What Are The Odds of Being A Church Leader?

An issue that came up in my last post on church leadership as a marker of righteousness is that people are occasionally told that they are going to be the future bishops and stake presidents of the Church. There are a variety of problems with this: 1) it clearly implies a hierarchy when in theory hierarchy isn’t supposed to matter, 2) it can cause spiritual anxiety if that person does not, in fact, get called to be a leader, and 3) it’s kind of pyramid scheme-ish, since most people are not called as leaders.

Point 3 made me think: about what what percentage of priesthood holders will at some point be called as bishops? Now, I’m about to layer speculation on top of speculation, but I suspect these numbers are in the correct ballpark. However, if something is off let me know in the comments. 

According to the Church, at a minimum a ward requires at least 20 temple recommend-worthy Melchizedek priesthood holders, and a stake requires at least 180 of the same

Now, this is a minimum. Many of us have been both in wards that flirt with this line as well as wards with, for example, multiple quorums of deacons that are bursting from the seams.

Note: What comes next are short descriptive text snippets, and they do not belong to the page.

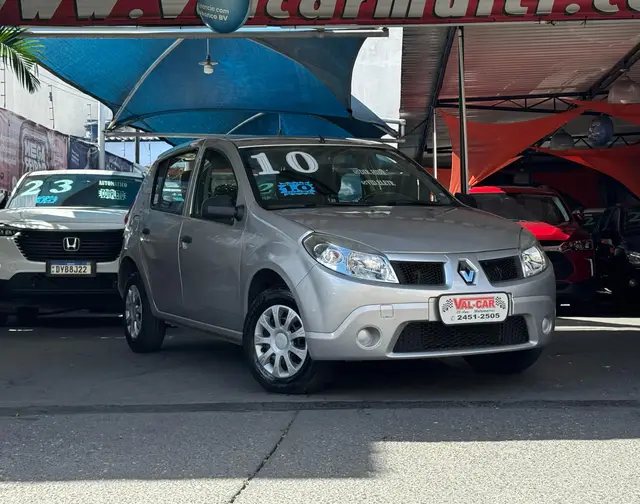 Carro Renault Sandero 2010 Authentique 1.0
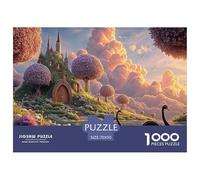 Black Swans in The Water 1000 Piezas Papel Premium Rompecabezas Cherry Blossom Cloud Manor Alivio Estrés Jigsaw Educativo Amigos 70x50cm/1000pcs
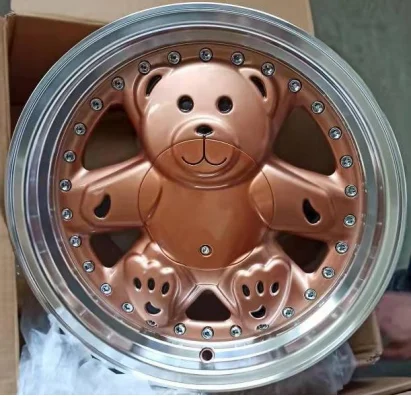 Wholesale 15X8j ET 25 4x100/114.3 Modified Silver Little Bear Passenger Car Wheels for Mini Car Mags 5X100/114.3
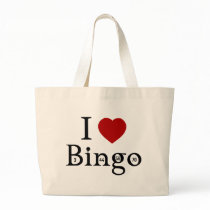 I Love Bingo Tote Bag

Since I have no hard data to go by, let’s assume that the average ward globally is 25% bigger than the minimum, which would give us an average ward size of 25 temple recommend-worthy priesthood holders for a ward, and 225 for a stake. 

If we take an average priesthood holder who spends their whole life in an average ward at the same time as other average people (it doesn’t matter that this person is artificial for purposes of calculating aggregate averages), the next numbers that matter are: the average tenure of a bishop and stake president and the average leadership consideration lifespan. Bishops serve for about five years, and Stake Presidents serve for about 9 years. If we assume that somebody is leader eligible from 20-70, that gives us 50 years. For bishops, 50 years= ~10 bishops served in that time. Meanwhile, 25 MP holders in our artificial average wards lived their lives out in that ward. So 25 MP holder-lives across 5 bishops during their life= a 40% chance of being called as a bishop at some point in their lives. (People obviously move in and out of wards, but in general strokes it shakes out to the same as if we think of it as a cohort of bishop-eligible MP holders who are all born at the same time and all enter the ward and 20 and leave at 70, since somebody moving out  means somebody moves in if averages are consistent across time). 

For stake presidents it is much more rare, both because they have longer tenure and because the pool is larger. Here we have 50 years/9 years= 5.6 stake presidents during that time across 225 lifelong MP holders, which gives a 2.5% chance. 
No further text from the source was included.